While most of the former Arab villages and towns are long gone, the collective memory lives on.

“It’s amazing how the Palestinians keep those memories alive. Most of them in the traditional way, from stories told by their fathers and grandfathers,” said Umar al-Ghubari, a Palestinian educator who works for Zochrot.

A Tel Aviv-based NGO, Zochrot was originally formed by a group of Israeli Jews with a goal to “promote acknowledgement, responsibility and accountability” for the emptied Palestinian villages and campaign for the right of return of these communities.

The first step is to spread awareness, al-Ghubari said. Zochrot operates in Hebrew, publishing information materials, organizing tours and collecting testimonies.

Al-Ghubari acknowledges that Zochrot’s work runs counter to the mainstream Israeli narrative, which tends to gloss over the issue of Palestinian expulsions during the war, preferring to highlight the contentious idea that the desert only started ‘blooming’ once Israel was founded.

Earlier this year, Israel and its allies including the United States and other Western nations skipped the first ever event at the United Nations marking the 75th anniversary of the Nakba – coinciding with the 75th anniversary of Israel’s founding.

The Israeli government rejects Nakba commemorations, with Israel’s Ambassador to the UN Gilad Erdan saying they “only serve to demonize Israel and further push away any chance for reconciliation.”

Al-Ghubari said that one of Zochrot’s missions is to make Israeli people more aware of the history, however uncomfortable it is.

But it’s hard going, he said. Zochrot has in the past tried to install information signs at the sites of the destroyed villages.

“We put signs up in these locations, but unfortunately, these signs would be removed almost immediately within few hours of few days because some Israelis when they come to that place, they don’t like the idea of that information being there,” he said. Al-Ghubari does not know who took the signs down.

No choice but to leave

Most people who live in Gaza today still identify as Palestinian refugees and refer to the towns and villages their ancestors were forced to flee as their homes – even if their families have now lived in the enclave for several generations.

In 1967, Israel captured Gaza during the Six-Day War with Egypt, Jordan and Syria, and held it for nearly 40 years before withdrawing troops and Israelis settlers in 2005. After Hamas took power inside the enclave two years later, Israel and Egypt, which continued to have full control over entry and exit points to the enclave, including the sea, imposed a blockade that critics say transformed it into “the world’s largest open-air prison.”

Taghrid Ebead is only 35, but she too has a strong sense of belonging to al-Majdal.

“We were evacuated in 1948 to Gaza,” she said.
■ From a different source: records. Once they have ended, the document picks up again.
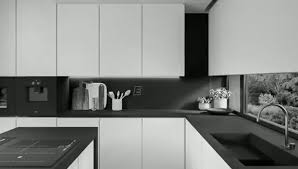Check spelling or type a new query. 2019 Vermonhouse Light Grey High Gloss Kitchen Cabinets Modern Buy Kitchen Cabinets Kitchen Cabinets Modern High Gloss Kitchen Cabinets Product On Alibaba Com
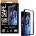 Panzer Стъклен Протектор SAFE Ultra-Wide Fit за Samsung Galaxy S26 Ultra, прозрачен (5715685033964)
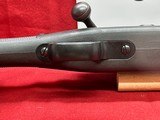 Winchester Model 70 .300 Win Magnum - Image 19 of 20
Ebead said she grew up wondering what drove her ancestors to flee al-Majdal, asking herself why they left their home, why they would allow it to happen.

“I used to say that we will not do it again. We will not repeat it. It’s impossible to do what our families and grandfathers did,” she said.
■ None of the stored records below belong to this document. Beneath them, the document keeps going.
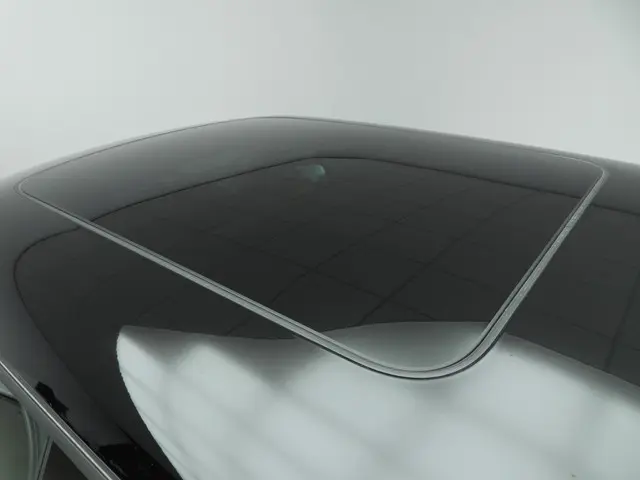 MINI 3-Deurs Cooper E 2025 Elektrisch 34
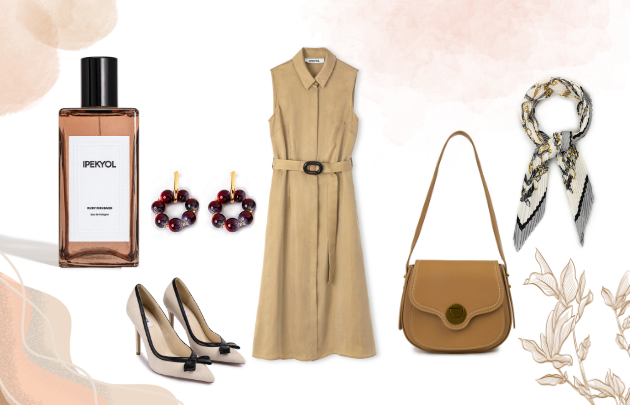 ipekyol anneler günü eng 3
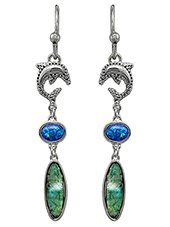 Wholesale Jewelry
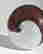 item-126203026=4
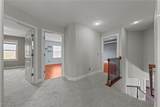 4059 Knollbrook Drive - Photo 22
Then IDF leaflets ordering her to evacuate started dropping from the sky, encouraging residents to move south as the Israeli air force ramped up its operation. Amid the constant airstrikes, she decided she had no choice but to leave her home in Gaza City.

The family of seven fled on foot and ended up in Khan Younis, some 20 miles south of Gaza City.

“We faced many difficulties, a lot of shelling everywhere,” she said. “We came to Khan Younis and here was nothing. The first day I slept on dust and we had no covers. A week has passed and my son is ill. We hope to go back. We have suffered a lot, we can’t cope.”

She said that now, she finally understands why her ancestors fled their homes.

“It is the fear for our children and destruction and death that made (us) leave. To our children, this will not be history because they are living it, they have seen it,” she said.